ご承知のとおり、お酒造りにおいて微生物である麹菌と酵母の果たす役割はとても大きいです。前号では、このうち特に「麹菌」についてその果たす役割や当社の造り方をご紹介させて頂きました。
今回は「酵母」についてのお話しです。
酵母はアルコールを生成する、まさにお酒造りには無くてはならない存在です。この酵母を仕込みタンクに入れる前、大量に増殖させる作業が「酒母造り」です。酒母造りは、モロミのタンクと同様に、酒母タンクに蒸し米、麹を仕込み、この中で酵母を増やしていきます。当社の平均的な酒母造りでは、酵母は約30兆個~40兆個まで増えます。
酒母造りを行なう一番の理由は仕込みの初期に雑菌の増殖を抑えることです。清酒造りは開放されたタンク、空間で行うため、種々の雑菌が入りこんでくる可能性があります。下手をすればお酒にならないということもあります。しかし、酒母から大量に酵母を持込んで数の力で圧倒すれば、雑菌が入り込む余地はなくなります。まさに自然の摂理を上手く利用した製造方法です。
酒母には、更にもう2つの汚染防止の仕組みがあります。1つは、乳酸により強酸性の状態にあるということです。酵母は耐酸性が高いのに対し、多くの雑菌は酸に対する抵抗力が弱い為、強酸性の中では生きられず結果、雑菌の増殖は抑えられます。もう1つは、酵母が造り出すアルコールです。酒母には10%前後のアルコールが含まれ、これが雑菌の増殖を抑えます。
お酒造りにはこのような2重、3重のセキュリティがあります。自然を理解し、巧みに取り込んだ先人たちの努力には頭が下がります。
酒母造りは出来上がるお酒の酒質にも大きく影響します。当社では、仕込みにおいてモロミの初期から酵母が盛んに増殖し、醗酵することを目指しています。これは、酔鯨の特徴である「キレのある味わいとスッキリとしたのどごし」を実現するために非常に重視している点です。酵母の活性が高い状態を維持したままモロミを仕込むことで、キレのある酔鯨のお酒が出来上がります。

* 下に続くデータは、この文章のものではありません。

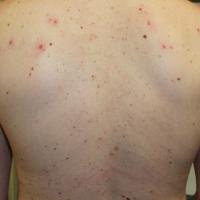 
	Maculopapular cutaneous mastocytosis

現在、清酒醸造に適した酵母は様々な機関から提供されています。その中でも当社では食中酒としての味わいを大切にする為、伝統的な吟醸酵母である「熊本酵母」をメインに使用しています。「おだやかな吟醸香」はお料理との相性も良く、また「力強く、酸味があってキレのある味わい」は、和食から洋食まで幅広くマッチングします。
今年も新酒の季節となりました。この時期、当社の近く御畳瀬という地域では、旬のメヒカリの干物づくりがピークを迎えます。15cm程の小振りな魚ですが、軽く火にあぶると、旨味のある、プリプリの白身が弾けとっても美味です。もちろん、これには酔鯨のお酒が良く合います。
前回は麹造り、今回は酒母造りについてご紹介をしてきました。次回はいよいよ仕込みについてのお話の予定です。